CVE-2025-23310

NVIDIA · NVIDIA Triton Inference Server for Windows and Linux

A critical vulnerability has been discovered in NVIDIA's Triton Inference Server for both Windows and Linux.

Executive summary

A critical vulnerability has been discovered in NVIDIA's Triton Inference Server for both Windows and Linux. This flaw, identified as a stack buffer overflow, can be exploited by a remote attacker sending specially crafted inputs to the server. A successful exploit could allow the attacker to execute arbitrary code, leading to a complete system compromise, data theft, or a denial-of-service condition that would disrupt critical AI/ML operations.

Vulnerability

The vulnerability is a stack-based buffer overflow within the NVIDIA Triton Inference Server. An unauthenticated, remote attacker can exploit this by sending a specially crafted request with an overly large input to a vulnerable endpoint. This action overwrites the memory buffer on the stack, allowing the attacker to corrupt adjacent memory, including the function's return pointer. By overwriting the return pointer with an address of their choosing, an attacker can redirect the program's execution flow to malicious code (shellcode) they have injected, resulting in arbitrary code execution with the same privileges as the Triton server process.

Business impact

This vulnerability is rated as critical severity with a CVSS score of 9.8. A successful exploit poses a significant risk to the organization, potentially leading to a complete compromise of the affected server. An attacker could gain control of the system to steal sensitive data being processed, such as proprietary AI models, intellectual property, or confidential business information. Furthermore, the compromised server could be used as a pivot point to attack other systems within the corporate network, or be leveraged for malicious activities like hosting malware or participating in a botnet. The vulnerability could also be exploited to cause a denial-of-service (DoS) by crashing the server, which would disrupt business-critical applications and services that rely on the AI/ML infrastructure.

Remediation

Immediate Action: Prioritize updating all affected NVIDIA Triton Inference Server instances to the latest patched version as recommended by the vendor. After patching, verify that the service is operating correctly.

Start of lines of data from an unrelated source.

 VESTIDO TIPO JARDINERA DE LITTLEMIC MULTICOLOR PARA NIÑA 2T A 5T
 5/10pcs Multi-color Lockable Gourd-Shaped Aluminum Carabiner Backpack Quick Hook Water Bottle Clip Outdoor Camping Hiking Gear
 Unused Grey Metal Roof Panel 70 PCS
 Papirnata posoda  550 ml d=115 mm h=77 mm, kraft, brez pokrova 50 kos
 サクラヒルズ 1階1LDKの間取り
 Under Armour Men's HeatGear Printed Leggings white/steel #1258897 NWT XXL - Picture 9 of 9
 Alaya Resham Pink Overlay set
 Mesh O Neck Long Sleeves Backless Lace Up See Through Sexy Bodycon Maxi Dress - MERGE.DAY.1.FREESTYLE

Proactive Monitoring: Implement enhanced monitoring on affected systems. Review Triton server access logs for requests that are unusually large, malformed, or result in server errors or crashes. Monitor network traffic for anomalous outbound connections from the Triton server, which could indicate a successful compromise and communication with a command-and-control server. Utilize Intrusion Detection/Prevention Systems (IDS/IPS) with updated signatures to detect and block potential exploitation attempts.

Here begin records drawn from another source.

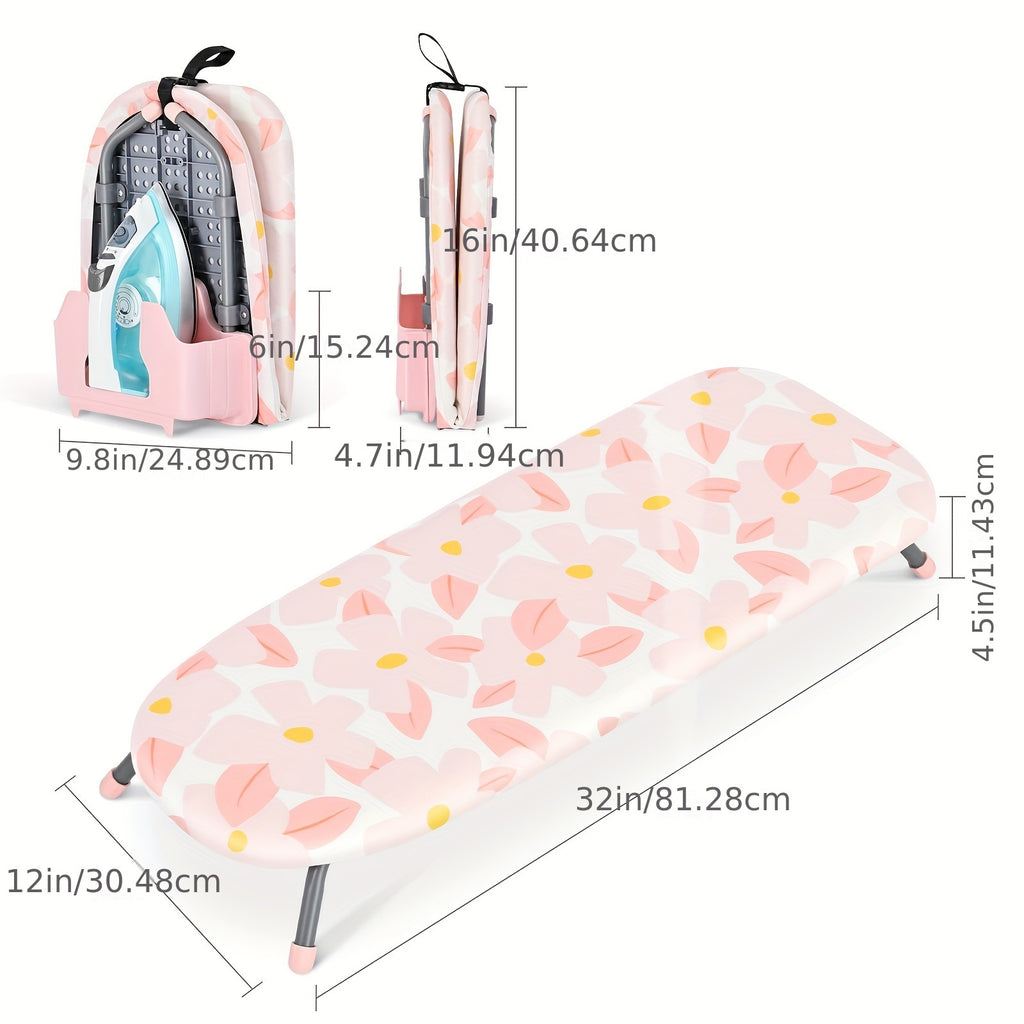Tabletop Ironing Board with Iron Holder & Non-Slip Feet, Compact Portable Ironing Board with Heat-Resistant Cover for Small Spaces, Dorms and Travel, Space-Saving Design, Pink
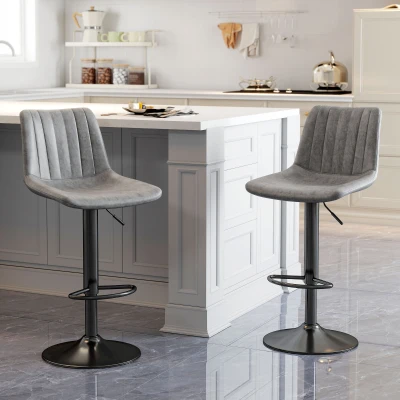 HOMCOM Adjustable Set of 2 Bar Stools, Counter Height Barstools, 360° Swivel Tall Stools with Footrest for Home Pub, Grey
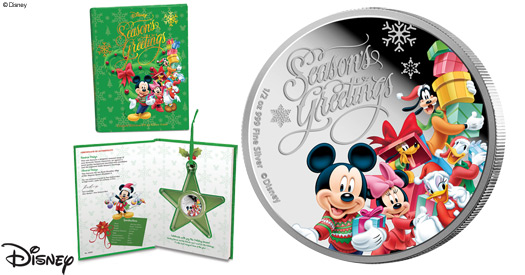 Two-New-Disney-Coins-Picture-Famous-Cartoon-Characters-In-Seasonal-Celebrations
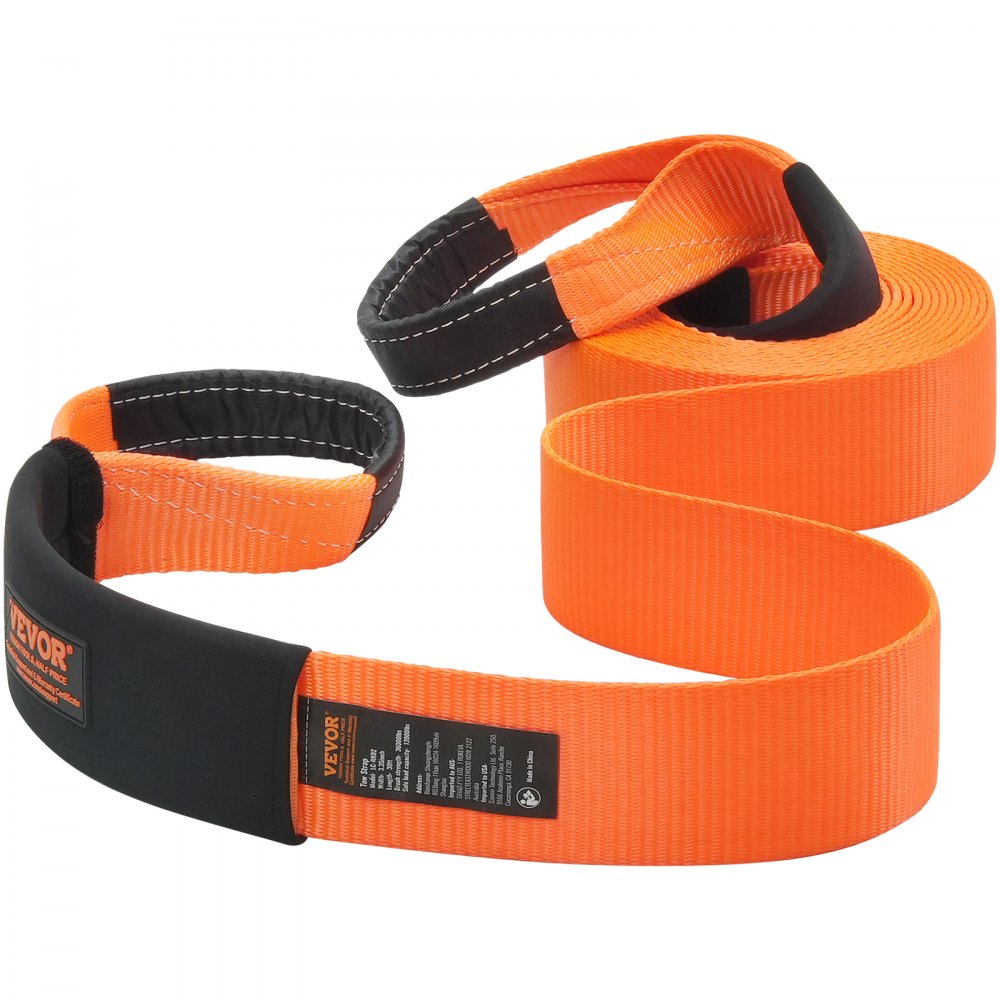 VEVOR Sleepband Bergingsset 85 mm x 9 m (MBS-16329 kg) Boombeschermer Lierband, Drievoudig Versterkte Lus & Beschermhoezen & Opbergtas, 3/4 inch D-ringsluiting, voor Vrachtwagen, Jeep, SUV, ATV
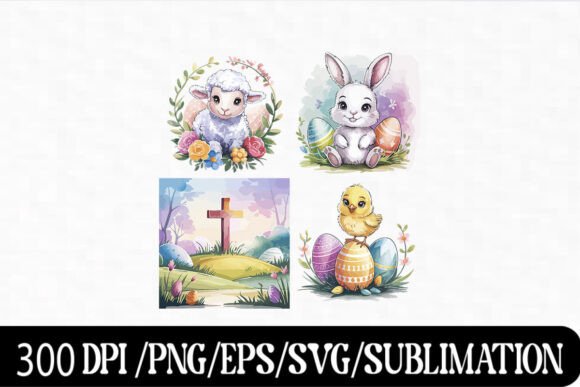 Cute Easter Bunny Lamb Chick & Cross Wat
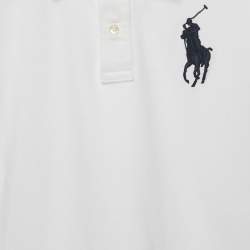 Pre Owned Polo Ralph Lauren Kids White Logo Embroidered Pique Polo T-Shirt 7 Yrs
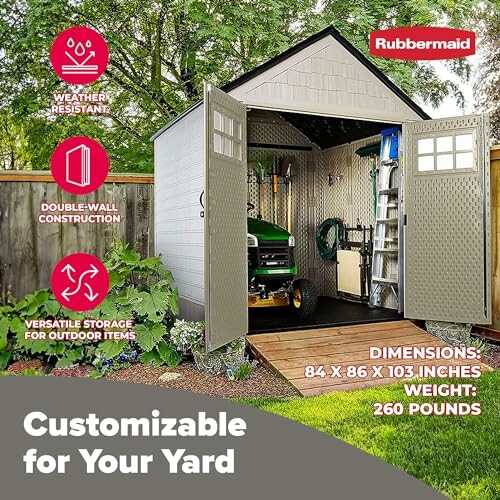 Rubbermaid outdoor storage shed with weather-resistant, double-wall construction, and versatile storage options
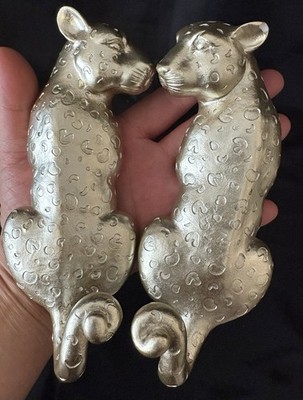 Pair Of Cheetah Leopard Figurine Wall Hanging Hook? Silver Tone 6.5  Resin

Compensating Controls: If immediate patching is not feasible, implement compensating controls to reduce the risk. Place the Triton Inference Server behind a Web Application Firewall (WAF) or a reverse proxy capable of inspecting and sanitizing input traffic to block malicious requests. Enforce strict network segmentation to isolate the server, limiting its ability to communicate with critical internal network segments and thus containing the potential impact of a compromise. Ensure the server process is running with the lowest possible user privileges.

Exploitation status

Public Exploit Available: False

Analyst recommendation

Given the critical severity (CVSS 9.8) and the potential for remote code execution, this vulnerability represents a direct and severe threat to the organization. We strongly recommend that all system owners identify and patch affected NVIDIA Triton Inference Server instances with the highest priority. Although this CVE is not yet on the CISA KEV list, its high impact score makes it a prime target for future exploitation. Organizations should treat this vulnerability with the utmost urgency and apply remediation actions immediately to prevent potential system compromise and data breaches.